This article has been revised and corrected from the original version.
The European Union has approved Microsoft Co.’s long-awaited acquisition of Santa Monica-based Activision Blizzard Inc., but the deal still faces big hurdles.
The $68.7 billion acquisition would make Microsoft the third largest gaming company in the world. As it stands today, Activision is one of the biggest companies in the Los Angeles area, ranking third in terms of market capitalization behind the Walt Disney Co., and Thousand Oaks-based Amgen Inc., respectively. Microsoft announced its intent for the all-cash deal in January 2022, and Activision shareholders approved it in April 2023.
While the EU has dropped its opposition, the Federal Trade Commission and the U.K Competition and Markets Authority are both still standing in the way of the merger, arguing that it could stifle competition in the video game and cloud-gaming market.
“We intend to meaningfully expand our investment and workforce throughout the EU and we’re excited for the benefits our transaction brings to players in Europe and around the world,” Activision Chief Executive Bobby Kotick said in a statement.
Mutual benefits
Activision owns major franchise titles such as “Call of Duty” and “Diablo” and has a market capitalization upwards of $60 billion. Peer Fiss, a professor of management and organization at the USC Marshall School of Business, said that both sides would win should the deal go through. Amid international pushback, he said that Microsoft may be motivated to keep going in order to prevent its competitors, such as Sony, from buying Activision.

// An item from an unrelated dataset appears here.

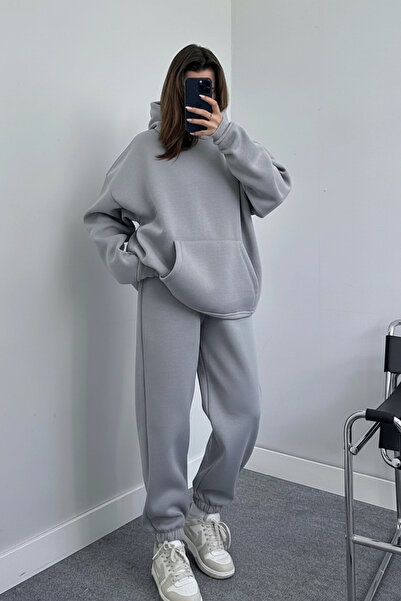 YAKAMEL طقم بدلة رياضية نسائية كبيرة الحجم بجيب الكنغر وجيب الكنغر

“Activision gets, of course, access to Microsoft’s tech, their human capital and finances to improve their offerings and their features, and really a robust technology infrastructure to support its operations,” Fiss said. “Microsoft is lacking a presence in mobile gaming and the acquisition of Activision provides them with what they have so far not been able to build.”
The deal has a reported deadline of July 18, after which Microsoft may have to pay a $3 billion breakup fee to Activision if it falls apart.
Clashing cultures
In addition to its content library, Microsoft is by extension purchasing Activision’s notoriously troublesome work environment. Activision agreed to pay $35 million to the Securities and Exchange Commission in February to settle charges that it failed to maintain disclosure controls and procedures, as well as charges that it violated an SEC whistleblower protection rule. The company also settled a lawsuit in March 2022 with the Equal Employment Opportunity Commission regarding its allegation that Activision “subject(ed) employees to sexual harassment, pregnancy discrimination and retaliation related to sexual harassment or pregnancy discrimination.” As part of the settlement, Activision created an $18 million fund for eligible claimants who experienced such conditions during their employment at Activision.
A 2021 lawsuit filed by the California Department of Fair Employment and Housing said Activision had a “pervasive frat boy workplace culture” and noted its workforce is only about 20% women. The DFEH lawsuit is ongoing, and Activision denied this characterization of its company culture.
Michael Pachter, managing director of equity research at Wedbush Securities in downtown Los Angeles, said that many video game companies have a prevailing “bro culture.” He anticipates that Microsoft would take notable steps to improve Activision’s workplace environment.
“Microsoft, they truly are a responsible corporate citizen, and they actually care about that stuff,” Pachter said. “They walk the talk, they actually do it, so I would think that Activision will become a better place for women to send resumes.”
Reporting done by the Wall Street Journal claimed that Kotick was aware of internal misconduct and harassment issues but did not act on them or alert the board. Activision stated that it conducted multiple outside reviews, which it said found this claim to be false.
“When (Activision) received complaints we responded to them appropriately, “an Activision spokesperson said. “After the extensive and thorough reviews … the board concluded there was never widespread or systemic harassment, retaliation or discrimination at the company. The board and advisors also concluded there was no evidence that the company’s senior executives ignored complaints when they were reported.”
Should the acquisition go through, Kotick would remain chief executive until closing and would receive a $15 million termination payment. Regardless of the deal’s outcome, Activision’s employees may not support Kotick remaining as its CEO. In the fall of 2021, more than 1,000 workers signed and published a petition to remove him from the company.
“This provides a graceful opportunity for him to step down,” Fiss said. “If it doesn’t go through, he’s probably in a much more difficult situation, because he probably still needs to step down … he walks away financially fine regardless, but this is, to a significant extent, a face-saving situation.”
Microsoft structured
Microsoft’s past acquisitions, including its 2018 accession of internet hosting service GitHub, have not involved large layoffs. With the exception of redundant staffing in departments such as legal, Activision would likely not see huge cuts. Pachter said that engineers and developers would probably be safe, stressing that Microsoft values the studios it’s purchasing and won’t close them. However, the two companies have significantly different work cultures, and such a change may lead to some Activision employees walking.
“Microsoft is much more structured by the book and Activision has retained some of the negative elements of a startup culture, not the positive ones,” Fiss said. “I would expect that Microsoft, in order to protect itself from some of these issues, will sort of implement more of its human resources approach … but these are very different cultures in terms of organizations.”
The EU’s ruling was based on an agreement from Microsoft that, for the next 10 years, Activision titles would be available on any competitor’s cloud gaming service without any fees so long as the player has obtained the game license. For example, a player who has purchased Activision’s “World of Warcraft” could play the game on a Sony PlayStation console free of charge. This concession from Microsoft may address the FTC’s concern about how the merger of these two companies could suppress competition in the cloud gaming market. The FTC is scheduled to hold an evidentiary hearing regarding the deal on Aug. 2.